Se la politica tace, sono tante però le voci che dalla società civile si alzano per chiedere azioni tempestive. Da questo punto di vista è significativa la lettera aperta che un gruppo di scienziati e climatologi ha scritto di recente alla classe politica.

La campagna elettorale appena cominciata non sembra far altro che confermare la tendenza alla minimizzazione del problema.
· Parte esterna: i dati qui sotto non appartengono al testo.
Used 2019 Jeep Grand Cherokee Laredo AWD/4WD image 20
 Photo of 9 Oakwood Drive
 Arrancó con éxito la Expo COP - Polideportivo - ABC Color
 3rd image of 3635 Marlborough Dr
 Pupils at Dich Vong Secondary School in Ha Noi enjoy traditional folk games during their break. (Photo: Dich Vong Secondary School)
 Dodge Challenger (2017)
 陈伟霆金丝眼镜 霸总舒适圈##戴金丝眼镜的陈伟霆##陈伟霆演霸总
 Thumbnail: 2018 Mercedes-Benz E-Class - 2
“La scienza del clima ci mostra da tempo che l’Italia, inserita nel contesto di un hot spot climatico come il Mediterraneo, risente più di altre zone del mondo dei recenti cambiamenti climatici di origine antropica e dei loro effetti”, esordisce la lettera, pubblicata il 3 agosto e firmata anche dal premio Nobel per la fisica Giorgio Parisi. “Ci auguriamo dunque elaborazioni di programmi politici approfonditi su questi temi e una pronta azione del prossimo governo per la lotta alla crisi climatica e ai suoi impatti”.

Se degli scienziati hanno ritenuto di dover lanciare questo appello pubblicamente uscendo dalla loro abituale ritrosia, vuol dire che considerano l’inazione della politica un problema davvero serio. L’esortazione per il momento non ha avuto grande seguito, ma è pur vero che la campagna elettorale è solo agli inizi.